Do you know? GeneralBiosystems can provide integrated services from gene synthesis (free codon optimization) to protein expression and purification!

Strategy 2: Improve protein solubility

Low protein solubility is a key factor that causes low recombinant protein expression yield. We suggest adjusting some commonly used expression condition parameters to improve the solubility of protein.


For HEK293 and other mammalian cell lines, it is recommended to culture cells in a 37°C, 5% CO2 incubator. Some studies have shown that incubating the temperature from 37°C to 33°C 24 hours after transfection can increase the protein expression of HEK293 cells.

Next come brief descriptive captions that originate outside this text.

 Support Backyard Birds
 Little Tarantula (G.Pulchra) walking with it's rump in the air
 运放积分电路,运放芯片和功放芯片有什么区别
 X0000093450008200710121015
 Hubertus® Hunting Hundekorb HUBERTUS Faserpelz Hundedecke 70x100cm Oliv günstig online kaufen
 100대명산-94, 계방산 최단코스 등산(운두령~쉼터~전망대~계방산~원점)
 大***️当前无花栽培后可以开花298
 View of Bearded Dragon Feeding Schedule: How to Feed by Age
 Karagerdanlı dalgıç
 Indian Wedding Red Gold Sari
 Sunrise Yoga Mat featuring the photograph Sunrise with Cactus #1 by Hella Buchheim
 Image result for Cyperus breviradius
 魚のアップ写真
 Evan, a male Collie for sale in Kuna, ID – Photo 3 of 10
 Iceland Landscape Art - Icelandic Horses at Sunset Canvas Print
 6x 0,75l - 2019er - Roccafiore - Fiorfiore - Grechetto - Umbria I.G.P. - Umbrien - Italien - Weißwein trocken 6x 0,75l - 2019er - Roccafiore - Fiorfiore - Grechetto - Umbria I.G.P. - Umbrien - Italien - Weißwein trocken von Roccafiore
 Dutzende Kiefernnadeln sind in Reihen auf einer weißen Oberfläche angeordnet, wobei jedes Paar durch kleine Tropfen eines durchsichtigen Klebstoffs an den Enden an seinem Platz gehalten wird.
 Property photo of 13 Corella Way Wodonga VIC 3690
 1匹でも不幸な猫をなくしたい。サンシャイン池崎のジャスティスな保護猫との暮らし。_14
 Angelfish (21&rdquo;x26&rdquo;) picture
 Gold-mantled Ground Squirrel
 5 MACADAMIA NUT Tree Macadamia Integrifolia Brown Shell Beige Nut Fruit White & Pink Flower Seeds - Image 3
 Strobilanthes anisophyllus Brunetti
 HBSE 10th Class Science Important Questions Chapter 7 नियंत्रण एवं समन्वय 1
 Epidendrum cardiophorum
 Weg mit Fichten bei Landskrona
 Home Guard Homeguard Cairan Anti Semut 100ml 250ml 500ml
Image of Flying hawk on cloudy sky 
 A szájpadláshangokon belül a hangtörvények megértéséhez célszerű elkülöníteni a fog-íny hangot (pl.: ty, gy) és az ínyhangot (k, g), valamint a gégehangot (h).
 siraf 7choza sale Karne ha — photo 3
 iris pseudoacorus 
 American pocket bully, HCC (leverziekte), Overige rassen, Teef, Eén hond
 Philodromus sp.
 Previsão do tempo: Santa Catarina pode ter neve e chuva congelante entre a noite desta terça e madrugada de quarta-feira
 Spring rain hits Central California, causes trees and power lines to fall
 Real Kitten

Although the basal media provided by different suppliers are very similar, minor differences between them may affect the growth of specific expressing cell lines. 

Be sure to optimize the concentration, pH, type, and even batch or batch number of external components, such as serum added to the culture medium.

Medium additives:

In some cases, we recommend adding specific reagents to the medium to increase protein expression. For example, adding histone deacetylase inhibitors can depolymerize chromatin and increase the transcriptional activity of integrated genes. Alternatively, adding specific growth factors to the medium can help increase protein production.

Strategy 3: Use a fusion partner

Protein tags are short peptide sequences inserted into recombinant proteins and can be used to increase protein expression. It is usually removed by enzyme digestion or chemical reagents at the end of protein expression.

Choosing the right label for a particular expression system depends on many factors. If the goal is to obtain extremely high yields, you need to use solubilizing tags. 

For example, GST has a strong translation initiation signal and can promote high-level expression. However, if a lower expression level is required, it is recommended to use more stringent epitope tags, such as His tags.

Strategy 4: Optimize the purification method

Design different purification methods according to downstream applications and purity requirements. 

If the protein expression level is high, the one-step affinity purification method can be used to obtain sufficient quantity and purity of protein to meet various downstream applications. 

If further purification is required, size exclusion chromatography (SEC) can usually be performed after affinity purification. For further purification, ion exchange chromatography (Ion Exchange, IEX) can be used.